Agencies make decisions through different procedures, including formal adjudicatory proceedings, notice-and-comment rulemaking, and less structured processes. Judicial review takes place in different forms of proceeding, including suits in district courts by the government or regulated parties and special review proceedings brought in courts of appeals. The latter resemble review of one court by another, in that they proceed in appellate courts and fact-finding is largely the task of the agency.

The resemblance between special statutory review proceedings and appeals from lower courts is one reason courts have embraced remand without vacatur, analogizing all judicial review to that form of judicial review and analogizing that form of judicial review to appeals from one court to another. Analogizing agencies to lower courts fosters the assumption that unlawful agency action is binding until displaced. I have argued that that assumption is wrong as to regulations of private conduct. As to some agency activities, that assumption might be correct under the applicable statute. The SEC might be empowered to withdraw permission to practice before it as a punishment, as the agency did in Checkosky, with its decision being effective until countermanded by a reviewing court. Whether the SEC has that power depends on the securities statutes. The analogy between courts and agencies obscures the statutory issue, and leads courts to rely on an undefended assumption about agency action in general.

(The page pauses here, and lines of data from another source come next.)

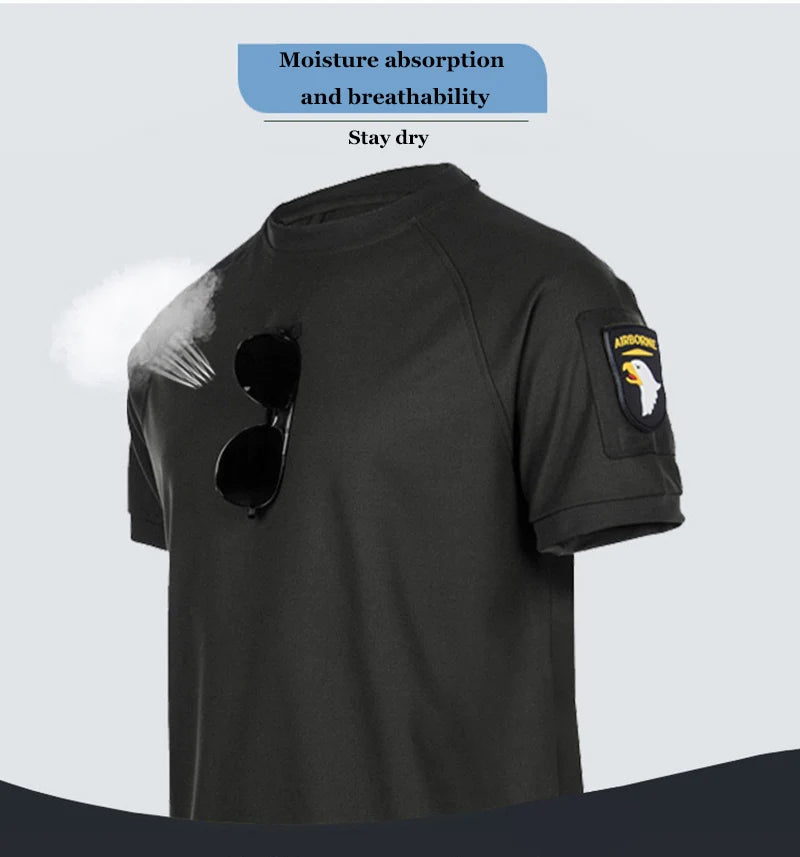 Wear-Resistant Outdoor Tactical Pants Mens Casual Cargo Trousers New Multi-pocket Waterproof Pant Work Hiking Training Trousers - Clikcy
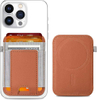 Magnetic Adhesive Card Holder for iPhone - Holds 7 Cards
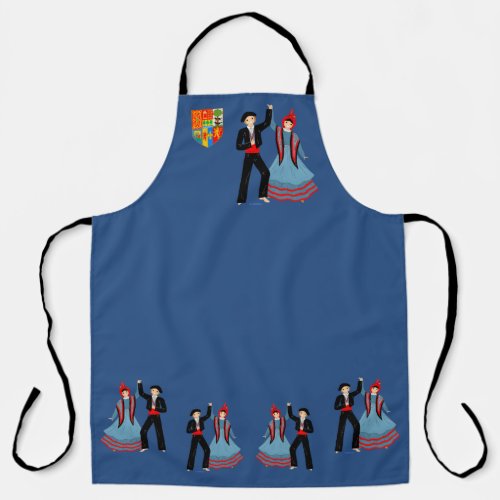 Basque Country France Apron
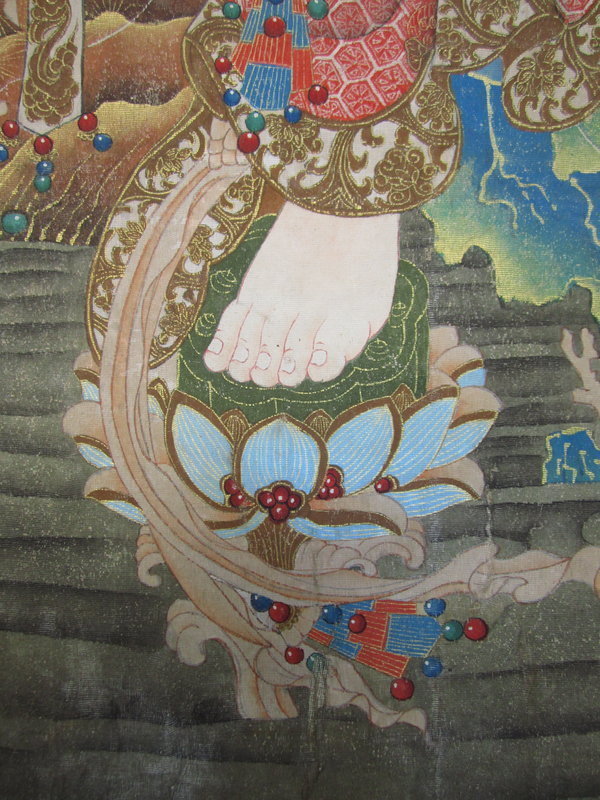 Korean Buddhist Painting of Suwol Gwaneum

The assumption that unlawful agency action is legally binding is often wrong, it may sometimes be correct, and it is sometimes inapposite. Not all agency actions purport to bind private parties as to their legal positions. For actions that do not claim binding force, the question of ab initio invalidity does not arise, and vacatur is not a meaningful remedial option. Citizens to Preserve Overton Park v. Volpe, 401 U.S. 402 (1971), a leading case about judicial review of agency decisions, involved the construction of a highway. Concerned About Trident v. Rumsfeld, 555 F.2d 817 (D.C. Cir. 1976), a D. C. Circuit case that is now often regarded as an early example of remand without vacatur, involved a plan to build a submarine base. Concerned About Trident is seen as an example of remand without vacatur, because the court of appeals told the Navy to correct flaws in its Environmental Impact Statement, but did not enjoin the project while the Navy did so. The plaintiffs in those cases sought injunctions against physical acts, and the remedial principles applicable to those requests were the principles governing injunctions. Operation of bulldozers can be enjoined, but not vacated. Here too, the misleading analogy between agencies and lower courts obscures analysis.

Courts should recognize the variety of agency activities, of agency decision processes, and of forms of proceeding for judicial review. If courts treat all review of agencies as if it were appellate review of one court by another, they risk doing for administrative law what Procrustes did for his guests.